Glasgow Libraries are introducing free wireless connection to the ‘net at all libraries. So far only three are capable of it and I tried to use one last week. I couldn’t because the council’s health & safety bods had been around and had covered up all the power sockets because they were worried about people plugging in untested electrical equipment. Seems we just might blow up the whole library or something. Now apart from the fact that the tests an item would be subjected to to be cleared by this body for use are the same ones that the manufacturers use before they leave the plant is one thing, but do they really think that there is any way on this earth that people will send off the power supplies for their computers to be tested by the council before they can be used? Of course they won’t, so a great initiative will be strangled at birth by a foolish interpretation of a regulation.

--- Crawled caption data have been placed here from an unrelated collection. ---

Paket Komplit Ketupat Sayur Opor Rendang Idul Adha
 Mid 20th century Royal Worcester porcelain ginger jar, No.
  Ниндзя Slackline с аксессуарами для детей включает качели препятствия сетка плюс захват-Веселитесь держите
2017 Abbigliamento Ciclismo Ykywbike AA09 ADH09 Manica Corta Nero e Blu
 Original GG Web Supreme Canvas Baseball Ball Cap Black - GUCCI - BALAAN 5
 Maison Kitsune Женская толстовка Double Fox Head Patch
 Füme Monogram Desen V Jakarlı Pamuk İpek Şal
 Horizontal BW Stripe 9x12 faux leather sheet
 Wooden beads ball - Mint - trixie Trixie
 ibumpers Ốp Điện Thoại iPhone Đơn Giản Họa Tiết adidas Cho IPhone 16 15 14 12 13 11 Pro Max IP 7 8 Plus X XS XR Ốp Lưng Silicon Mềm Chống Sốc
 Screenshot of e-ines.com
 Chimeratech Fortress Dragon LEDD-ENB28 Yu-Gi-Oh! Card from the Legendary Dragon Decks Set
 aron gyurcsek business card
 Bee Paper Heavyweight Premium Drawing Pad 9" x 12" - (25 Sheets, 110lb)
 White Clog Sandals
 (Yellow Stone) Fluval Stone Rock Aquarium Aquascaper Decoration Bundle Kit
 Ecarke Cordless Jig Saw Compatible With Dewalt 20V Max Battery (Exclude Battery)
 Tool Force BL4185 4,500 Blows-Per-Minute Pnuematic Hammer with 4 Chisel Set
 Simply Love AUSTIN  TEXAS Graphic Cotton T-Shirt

There are already ‘organisations’ in America pressuring for legislation to ‘protect’ people from using their own bodies in this way. For ‘protect’ read ‘prevent’ and you’ll get what’s really on their mind. It’s that whole thing of not understanding it, so it must be bad, so we’d better ban it. I don’t feel the need to hang myself from a meat hook to make myself feel alive. I think that the people cutting themselves in front of audiences and calling it ‘art’ are self-deluding, pretentious and essentially un-talented. But it’s their choice to do so and the choice of their audience to chose to view it and to take from it what they will. It is not the place of the government, the council or some right-wing prude hiding behind protecting children to impose their views on them.

Human beings need challenge. We need to find a way to make us feel alive and if regressing to some ritual from our tribal past does that for some of us then who are the rest of us to say it’s wrong?

Monday, March 13, 2006

If It Were You or I

If It Were You or I We’d be Arrested

Sir Ian Blair is fast becoming as big a joke as Dubya. He certainly seems to make about as many gaffes.

Problem is that this guy’s in charge of the Metropolitan Police. From his cack-handed response to the shooting of Mr Menezes, through to the outrageously insensitive comments about the murders of Jessica Simpson and Holly Wells (not to mention the inept and inadequate apology for it) he’s given us all much to ponder. Not least about how someone so apparently self-seeking and incompetent managed to get the job in the first place.

He’s recently been caught out recording conversations with the Lord Advocate and others. Now, apart from the level of mistrust and paranoia that shows which is worrying enough in someone holding his position and would seem to indicate that he holds the Lord Advocate to be on a par with terrorists. After all, it’s to catch terrorists that he wants the right to tap our phones with impunity and without a warrant. If he’s already doing bugging his political masters, then it seems likely that he’ll have no compunction doing so to the rest of us.

Correct me if I’m wrong but isn’t secretly recording a telephone conversation a criminal offence? My answering machine can do it, but in the manual it quite clearly states that you are required to inform the other person that you are doing so and it beeps every 15 seconds to remind them that it is being done. Now that Sir Ian has been caught doing so and has admitted it publicly, shouldn’t he be getting charged?